--- WHAT TO DO ---
Take the data below. Output it exactly from its first line through the line containing "Saint Laurent Grain".
***** AVAILABLE DATA
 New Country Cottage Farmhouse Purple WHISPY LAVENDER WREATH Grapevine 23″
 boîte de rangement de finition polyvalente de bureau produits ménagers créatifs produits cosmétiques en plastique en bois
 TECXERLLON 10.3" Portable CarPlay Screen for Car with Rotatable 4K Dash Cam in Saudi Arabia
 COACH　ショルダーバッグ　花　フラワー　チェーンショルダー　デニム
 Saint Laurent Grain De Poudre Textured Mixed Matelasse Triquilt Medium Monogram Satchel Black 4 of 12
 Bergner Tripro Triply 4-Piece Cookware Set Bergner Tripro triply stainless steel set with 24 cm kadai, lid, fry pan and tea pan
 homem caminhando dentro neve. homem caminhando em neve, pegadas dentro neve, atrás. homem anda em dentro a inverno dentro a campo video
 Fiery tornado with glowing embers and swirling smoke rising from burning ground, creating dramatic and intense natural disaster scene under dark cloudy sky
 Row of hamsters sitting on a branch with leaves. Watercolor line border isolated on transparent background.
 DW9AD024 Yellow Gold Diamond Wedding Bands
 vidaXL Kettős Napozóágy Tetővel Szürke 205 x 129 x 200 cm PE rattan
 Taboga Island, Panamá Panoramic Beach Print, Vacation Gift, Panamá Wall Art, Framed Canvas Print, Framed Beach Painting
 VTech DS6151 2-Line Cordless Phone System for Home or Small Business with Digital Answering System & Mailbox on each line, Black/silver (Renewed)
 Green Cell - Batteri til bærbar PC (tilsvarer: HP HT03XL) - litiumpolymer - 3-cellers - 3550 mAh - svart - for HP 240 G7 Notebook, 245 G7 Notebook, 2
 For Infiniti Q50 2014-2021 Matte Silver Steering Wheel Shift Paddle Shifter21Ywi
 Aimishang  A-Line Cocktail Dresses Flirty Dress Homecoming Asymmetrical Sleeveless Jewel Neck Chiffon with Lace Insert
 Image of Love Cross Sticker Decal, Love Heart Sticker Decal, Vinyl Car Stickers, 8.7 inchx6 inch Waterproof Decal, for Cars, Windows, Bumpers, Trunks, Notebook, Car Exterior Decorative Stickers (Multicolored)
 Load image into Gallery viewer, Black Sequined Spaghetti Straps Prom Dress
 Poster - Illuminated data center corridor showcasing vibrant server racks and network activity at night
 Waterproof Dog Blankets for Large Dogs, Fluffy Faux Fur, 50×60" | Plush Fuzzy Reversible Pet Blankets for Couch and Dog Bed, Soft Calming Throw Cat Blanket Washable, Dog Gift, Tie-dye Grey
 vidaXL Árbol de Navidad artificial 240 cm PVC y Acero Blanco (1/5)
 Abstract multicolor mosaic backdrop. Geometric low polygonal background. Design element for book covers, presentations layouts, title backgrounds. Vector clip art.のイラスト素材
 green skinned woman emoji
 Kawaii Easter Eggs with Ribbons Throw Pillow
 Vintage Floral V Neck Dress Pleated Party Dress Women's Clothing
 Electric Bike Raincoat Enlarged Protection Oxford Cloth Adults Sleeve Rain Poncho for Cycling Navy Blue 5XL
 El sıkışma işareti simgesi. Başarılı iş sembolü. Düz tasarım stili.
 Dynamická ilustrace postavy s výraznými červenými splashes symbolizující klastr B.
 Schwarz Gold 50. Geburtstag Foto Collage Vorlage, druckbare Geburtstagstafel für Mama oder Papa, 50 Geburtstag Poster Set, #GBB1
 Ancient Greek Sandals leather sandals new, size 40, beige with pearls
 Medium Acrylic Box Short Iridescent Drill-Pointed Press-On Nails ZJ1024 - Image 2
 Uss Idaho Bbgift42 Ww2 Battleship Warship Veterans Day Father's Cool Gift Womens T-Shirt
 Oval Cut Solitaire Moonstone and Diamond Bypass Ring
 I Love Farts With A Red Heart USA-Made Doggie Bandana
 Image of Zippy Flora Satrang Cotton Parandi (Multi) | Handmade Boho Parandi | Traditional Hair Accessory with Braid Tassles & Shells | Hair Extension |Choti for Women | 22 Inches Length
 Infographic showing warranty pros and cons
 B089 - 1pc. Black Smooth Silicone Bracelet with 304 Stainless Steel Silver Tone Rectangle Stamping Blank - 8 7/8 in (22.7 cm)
**********
--- TASK SOLUTION ---
 New Country Cottage Farmhouse Purple WHISPY LAVENDER WREATH Grapevine 23″
 boîte de rangement de finition polyvalente de bureau produits ménagers créatifs produits cosmétiques en plastique en bois
 TECXERLLON 10.3" Portable CarPlay Screen for Car with Rotatable 4K Dash Cam in Saudi Arabia
 COACH　ショルダーバッグ　花　フラワー　チェーンショルダー　デニム
 Saint Laurent Grain De Poudre Textured Mixed Matelasse Triquilt Medium Monogram Satchel Black 4 of 12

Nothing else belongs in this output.